Your goal -
Look through the records below for the word "Nissan". Report how many lines have it, and only that number.

Collected data entries -
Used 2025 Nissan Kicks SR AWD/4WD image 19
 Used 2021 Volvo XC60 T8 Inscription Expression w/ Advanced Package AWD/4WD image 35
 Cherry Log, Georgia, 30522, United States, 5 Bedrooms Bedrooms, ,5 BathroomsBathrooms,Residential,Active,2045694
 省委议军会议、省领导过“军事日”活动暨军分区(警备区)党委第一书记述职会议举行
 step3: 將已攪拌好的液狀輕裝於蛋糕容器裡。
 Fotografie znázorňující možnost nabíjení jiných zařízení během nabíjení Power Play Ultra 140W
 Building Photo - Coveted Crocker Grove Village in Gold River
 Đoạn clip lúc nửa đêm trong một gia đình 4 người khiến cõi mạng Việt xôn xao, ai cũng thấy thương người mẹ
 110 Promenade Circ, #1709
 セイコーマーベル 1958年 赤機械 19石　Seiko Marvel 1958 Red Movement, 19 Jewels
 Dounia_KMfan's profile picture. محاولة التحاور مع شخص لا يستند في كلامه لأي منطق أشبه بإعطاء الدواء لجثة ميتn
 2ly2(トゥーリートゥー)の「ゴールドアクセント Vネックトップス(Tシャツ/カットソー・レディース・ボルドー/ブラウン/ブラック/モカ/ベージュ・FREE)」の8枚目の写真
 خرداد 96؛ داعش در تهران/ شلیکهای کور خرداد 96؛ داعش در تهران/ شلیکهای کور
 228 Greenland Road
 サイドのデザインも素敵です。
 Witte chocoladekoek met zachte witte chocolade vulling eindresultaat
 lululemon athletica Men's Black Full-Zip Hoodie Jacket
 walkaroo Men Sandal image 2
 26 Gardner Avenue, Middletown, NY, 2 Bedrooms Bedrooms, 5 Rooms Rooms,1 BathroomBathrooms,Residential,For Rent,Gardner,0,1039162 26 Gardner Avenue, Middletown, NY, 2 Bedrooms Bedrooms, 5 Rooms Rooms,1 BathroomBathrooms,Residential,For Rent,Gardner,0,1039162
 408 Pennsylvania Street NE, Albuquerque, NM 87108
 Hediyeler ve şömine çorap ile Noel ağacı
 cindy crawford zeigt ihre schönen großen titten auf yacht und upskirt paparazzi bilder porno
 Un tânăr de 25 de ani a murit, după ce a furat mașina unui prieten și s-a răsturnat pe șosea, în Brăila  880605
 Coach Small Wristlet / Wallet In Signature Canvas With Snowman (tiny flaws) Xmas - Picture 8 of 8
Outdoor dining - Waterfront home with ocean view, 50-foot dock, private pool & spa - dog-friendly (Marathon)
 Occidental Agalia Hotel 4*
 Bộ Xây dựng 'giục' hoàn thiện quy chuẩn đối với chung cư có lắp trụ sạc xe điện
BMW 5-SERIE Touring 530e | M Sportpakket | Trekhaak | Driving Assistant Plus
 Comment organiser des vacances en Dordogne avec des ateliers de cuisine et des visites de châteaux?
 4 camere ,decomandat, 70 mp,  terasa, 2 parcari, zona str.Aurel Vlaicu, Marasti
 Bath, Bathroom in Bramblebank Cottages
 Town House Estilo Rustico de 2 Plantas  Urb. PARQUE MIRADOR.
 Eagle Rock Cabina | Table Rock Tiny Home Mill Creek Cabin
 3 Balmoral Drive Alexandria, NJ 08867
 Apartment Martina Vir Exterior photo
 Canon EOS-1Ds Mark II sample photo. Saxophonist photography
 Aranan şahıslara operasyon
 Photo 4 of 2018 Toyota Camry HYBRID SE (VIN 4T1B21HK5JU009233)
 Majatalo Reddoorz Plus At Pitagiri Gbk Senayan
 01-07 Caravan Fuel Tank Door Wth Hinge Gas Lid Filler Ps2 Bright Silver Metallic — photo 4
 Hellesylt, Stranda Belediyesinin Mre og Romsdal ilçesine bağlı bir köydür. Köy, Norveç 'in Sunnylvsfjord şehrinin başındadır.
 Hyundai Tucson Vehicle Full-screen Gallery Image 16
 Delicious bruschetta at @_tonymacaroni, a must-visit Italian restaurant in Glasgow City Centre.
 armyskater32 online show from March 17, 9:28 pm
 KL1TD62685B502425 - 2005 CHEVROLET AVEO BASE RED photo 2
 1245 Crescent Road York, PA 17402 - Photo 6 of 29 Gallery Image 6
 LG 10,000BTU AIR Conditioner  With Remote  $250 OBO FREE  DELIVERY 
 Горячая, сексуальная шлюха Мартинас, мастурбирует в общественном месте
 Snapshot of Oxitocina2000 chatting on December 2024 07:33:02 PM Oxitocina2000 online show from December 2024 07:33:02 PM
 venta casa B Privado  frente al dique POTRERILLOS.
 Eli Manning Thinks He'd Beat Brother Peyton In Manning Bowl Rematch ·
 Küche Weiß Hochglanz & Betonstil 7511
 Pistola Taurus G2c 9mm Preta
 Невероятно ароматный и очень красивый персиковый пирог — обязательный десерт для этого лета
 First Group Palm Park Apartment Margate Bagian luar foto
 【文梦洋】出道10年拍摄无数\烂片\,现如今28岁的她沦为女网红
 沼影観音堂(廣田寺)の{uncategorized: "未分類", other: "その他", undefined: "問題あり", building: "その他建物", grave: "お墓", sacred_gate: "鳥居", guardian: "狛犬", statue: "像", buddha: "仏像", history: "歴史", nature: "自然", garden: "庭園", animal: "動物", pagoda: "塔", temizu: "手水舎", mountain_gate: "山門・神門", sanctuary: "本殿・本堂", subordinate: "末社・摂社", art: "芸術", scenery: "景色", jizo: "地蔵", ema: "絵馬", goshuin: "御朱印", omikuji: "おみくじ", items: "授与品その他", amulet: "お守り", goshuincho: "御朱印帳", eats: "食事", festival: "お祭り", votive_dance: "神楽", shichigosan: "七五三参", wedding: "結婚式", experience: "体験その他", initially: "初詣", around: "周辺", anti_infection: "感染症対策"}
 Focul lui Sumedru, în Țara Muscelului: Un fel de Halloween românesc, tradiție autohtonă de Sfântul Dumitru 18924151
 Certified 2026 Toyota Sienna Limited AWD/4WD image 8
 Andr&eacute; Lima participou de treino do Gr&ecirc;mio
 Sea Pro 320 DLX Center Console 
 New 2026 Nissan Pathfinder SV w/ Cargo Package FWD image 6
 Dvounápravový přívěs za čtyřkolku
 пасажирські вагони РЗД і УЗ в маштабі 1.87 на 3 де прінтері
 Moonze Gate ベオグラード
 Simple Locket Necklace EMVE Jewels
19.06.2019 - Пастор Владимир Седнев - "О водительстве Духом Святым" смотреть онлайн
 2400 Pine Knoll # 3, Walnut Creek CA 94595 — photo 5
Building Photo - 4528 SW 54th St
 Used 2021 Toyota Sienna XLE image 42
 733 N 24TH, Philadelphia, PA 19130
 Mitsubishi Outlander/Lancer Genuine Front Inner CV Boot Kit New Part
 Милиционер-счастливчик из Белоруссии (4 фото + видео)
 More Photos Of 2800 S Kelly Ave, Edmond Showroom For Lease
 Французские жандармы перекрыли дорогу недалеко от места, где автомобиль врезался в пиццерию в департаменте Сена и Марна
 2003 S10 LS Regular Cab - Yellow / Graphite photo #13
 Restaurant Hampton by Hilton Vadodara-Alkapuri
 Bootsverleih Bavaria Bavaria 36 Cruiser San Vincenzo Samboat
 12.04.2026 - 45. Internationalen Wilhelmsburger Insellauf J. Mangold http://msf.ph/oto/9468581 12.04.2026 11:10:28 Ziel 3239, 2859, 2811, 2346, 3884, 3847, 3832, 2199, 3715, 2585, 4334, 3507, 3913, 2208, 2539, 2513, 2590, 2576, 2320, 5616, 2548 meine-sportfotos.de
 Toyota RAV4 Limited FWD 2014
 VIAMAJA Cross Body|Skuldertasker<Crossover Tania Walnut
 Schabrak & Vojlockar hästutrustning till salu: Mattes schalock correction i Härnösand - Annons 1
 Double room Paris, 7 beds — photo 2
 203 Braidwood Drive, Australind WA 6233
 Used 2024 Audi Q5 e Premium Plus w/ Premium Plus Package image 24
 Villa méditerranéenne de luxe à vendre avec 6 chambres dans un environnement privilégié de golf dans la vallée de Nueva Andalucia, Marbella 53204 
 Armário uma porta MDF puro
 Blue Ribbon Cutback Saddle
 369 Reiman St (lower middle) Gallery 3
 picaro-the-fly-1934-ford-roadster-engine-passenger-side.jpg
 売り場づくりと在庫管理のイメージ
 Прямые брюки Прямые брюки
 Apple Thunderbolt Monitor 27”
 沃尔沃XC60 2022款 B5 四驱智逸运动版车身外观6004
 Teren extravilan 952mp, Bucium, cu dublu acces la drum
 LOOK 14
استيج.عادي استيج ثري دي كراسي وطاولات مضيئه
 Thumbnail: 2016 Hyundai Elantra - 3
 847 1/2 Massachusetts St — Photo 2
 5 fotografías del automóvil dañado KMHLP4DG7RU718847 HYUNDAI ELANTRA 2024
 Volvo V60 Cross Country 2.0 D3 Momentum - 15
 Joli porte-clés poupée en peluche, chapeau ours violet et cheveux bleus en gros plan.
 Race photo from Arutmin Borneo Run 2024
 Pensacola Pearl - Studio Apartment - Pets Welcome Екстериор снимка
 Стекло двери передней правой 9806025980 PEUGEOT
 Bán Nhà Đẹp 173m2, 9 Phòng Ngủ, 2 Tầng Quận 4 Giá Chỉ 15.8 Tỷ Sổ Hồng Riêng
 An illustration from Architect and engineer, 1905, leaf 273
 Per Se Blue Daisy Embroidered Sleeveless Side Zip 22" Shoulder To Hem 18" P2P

Result of this task -
2